Revolution

The Weak Case for Public Schooling

Capital Market Failure

by David Friedman

The special problems of investing in human capital are sometimes offered as an argument for government intervention in schooling. If I wish to borrow money to pay for a profitable investment inbuilding a factory, I can offer the factory as collateral. If I wish to make a profitable investment in my own education, I have no similar option. Under the present legal rules of the U.S. and most advanced countries, I can acquire the education and then wipe out the debt by declaring bankruptcy. So profitable investments in human capital may fail to be made if the human in question cannot finance them himself.

How important this argument is depends on whether the unit of analysis is the individual or the family. If it is the family, then the argument applies to only a small fraction of the population. Most families can pay the cost of schooling their children out of current income. Indeed, most families do pay the cost of schooling their children out of current income -- in the form of taxes to support government schools. Such expenditures might be harder for those with large families and low incomes than they are now, and easier for those with small families and high incomes. On the other hand, there is evidence that private schools provide a given level of education at a considerably lower cost than government schools. If so, most parents would face a lower burden under a completely private system. The market failure argument would then apply only to a small fraction of families at the bottom of the income distribution.

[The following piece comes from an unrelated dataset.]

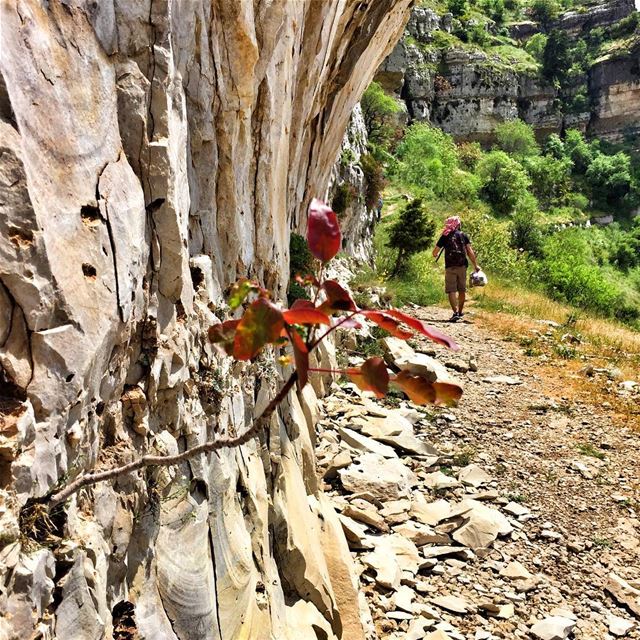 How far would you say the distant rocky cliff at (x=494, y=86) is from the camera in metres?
42.5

So far as that part of the population is concerned, several points are worth noting. The first is that it makes very little sense to construct a government school system for everyone in order to subsidize investments in human capital for a few percent of the population. The second is that the present system does a very bad job of educating just those people who would have the hardest time educating themselves, which casts some doubt on the idea that it is, for them, an improvement on a purely private system.The third is that the evidence of the nineteenth century suggests that even quite poor people are able to provide their children at least a minimal education. British workers of the early nineteenth century were very much poorer than the inhabitants of America's inner cities at present. Yet the evidence suggests that most were able, without government help, to buy enough education for their children to provide at least minimal literacy -- more than many inner city children get now.

Additional issues arise if we consider the problem from the standpoint of the child rather than the family. Most families can afford to pay for schooling their children, but very few children can afford to pay for schooling themselves. A private system depends, for almost all children, on parents caring enough about the welfare of their children to be willing to pay the cost of their education.

Most parents, in most societies, do care for the welfare of their children. In part this may be explained by altruism, itself explainable on evolutionary grounds, and in part by the desire of parents to have children capable of supporting them in their old age.These incentives are not perfect -- there are parents who sacrifice the welfare of their children to their own welfare. But the alternative to allowing parents to make decisions for their children is not, as a general rule, having the decisions made by the children -- five year olds lack not only income, but information and political power as well. The alternative to having a child’s parents make decisions for him is having other adults -- school administrators, politicians, voters -- make those decisions. Parents may not always be altruistic towards their children, but a child’s parents are, of all adults, the ones most likely to be. The argument against letting the parents make the decision is an even stronger argument against letting anyone else make it instead.

Here again, the empirical evidence is striking. Under circumstances of poverty difficult for most of us to imagine, British parents of the early 19th century managed to send almost all of their children to school -- not for as long as our children go to school, but for long enough to acquire at least minimal skills. In this country a century later, immigrant parents routinely sacrificed themselves to promote the education of their children. We have yet to see any similar level of altruism on the part of those who control the government schools -- say a teacher strike aimed at lowering teacher wages in order to leave more money to pay for books.